Improve Your Core-to-Opportunistic Customer Ratio

By Heather Baldwin

There are two types of customers: Core customers, who love what you do and are willing to pay a fair price for it; and Opportunistic customers, who see your products or services as commodities and don’t care where they buy as long as the price is right. In many companies, the ratio of core-to-opportunistic customers is 20-to-80, or 20 percent core (providing 80 percent of profits) and 80 percent opportunistic. In thriving, growing companies, the ratio is reversed. Thus, if you want to see a dramatic increase in sales, focus on improving your core-to-opportunistic ratio, says Robert Gordman, president of The Gordman Group (www.gordmangroup.com) and author of The Must-Have Customer: 7 Steps to Winning the Customer You Haven’t Got (Truman Talley, 2006).

To improve the ratio, look at both sides of the equation, starting with your opportunistic customers. The important thing to know about them is that it’s a waste of time trying to convert them into core customers. They are almost exclusively price driven and therefore, don’t have the right attributes and values to become a core customer. Second, recognize that some of your opportunistic customers are more trouble than they’re worth and your business would be better off if you subtly encouraged them to go elsewhere. These are not arbitrary cuts, but rather a careful culling of those customers who are "difficult to work with, drive your customer service people crazy with their demands, buy only when you’re having a sale, and account for a large percentage of returns," says Gordman. Serving these customers is a "short-term win, but a long-term loss."

The next step in improving the core-to-opportunistic ratio is to increase your number of core customers. And the only way to do that, says Gordman, is to identify and pursue what he calls Must-Have customers. These are potential customers who look a lot like your core customers – they’re already buying products or services that are similar to the ones you sell, they’re paying similar prices and the attributes that are important to them are also important to you – but they are currently someone else’s core customers. Gordman offers a two-step process for wooing them:

  1. Understand your core customers.
    Don’t do any guesswork here. To truly understand your core customers, go talk to them. Sit down with each of them and ask them these kinds of questions:
    • Why do you buy from us?
    • What was it about your previous supplier that made you switch to us?
    • What is it about us that keeps you from taking your business elsewhere?
    • What other products or services could we offer that would make it easier to do business with us?

    And so on. Once you have a clear picture of your core customers and understand what drives their loyalty to your company, you’ll know what your must-have customers should look like. An Internet search using a business information service such as Hoover’s should allow you to compile a list of similar-looking companies.

  • Interview the must-haves.
    Now it’s time to pick up the phone and talk to your must-haves. You’ll ask questions similar to those you asked your core customers, but with a twist:
    • Why are you buying from your current supplier?
    • What made you switch from the previous one?
    • What do you like best and least about your current supplier?
    • If you weren’t using your current supplier, what company would you use instead?
    • If you’ve heard of our company, why aren’t you doing business with us?
    • What products or services would make our company more attractive to you?
    • If we were able to satisfy your needs, would you switch?
  • When Gordman conducted these interviews for one of his clients, two-thirds of the must-haves answered all the questions in exchange for a copy of the completed industry study.
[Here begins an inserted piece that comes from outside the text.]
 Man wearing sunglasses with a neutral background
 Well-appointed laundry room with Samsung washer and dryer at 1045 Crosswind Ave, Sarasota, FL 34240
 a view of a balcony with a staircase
Three of the must-haves soon became core customers and another has the potential to become his client’s biggest customer.
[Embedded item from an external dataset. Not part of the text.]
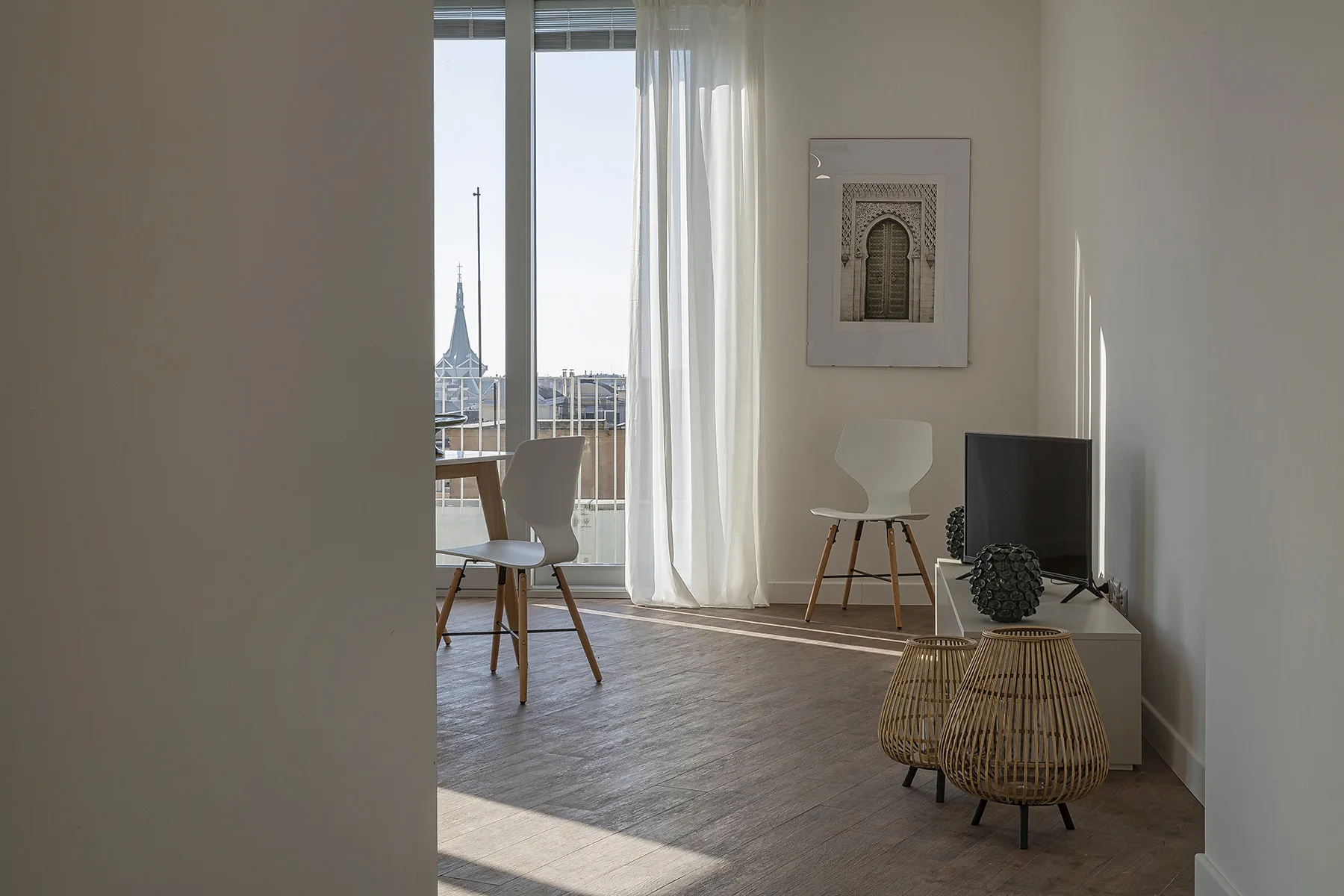 A bright living area with seating, a television, and tall windows overlooking the city.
    Gordman says he guarantees that going through this two-step process will give you a clear understanding of what your core customers value about your company and why your must-have customers do business elsewhere. "You’ll also quickly find out if what differentiates you from your competition is actually relevant to your must-have customers. And if it isn’t, you’ll know what is. That, in turn," he concludes, "will give you the information you need to turn those must-haves into the core customers that will take your business to a new level of sales and profits."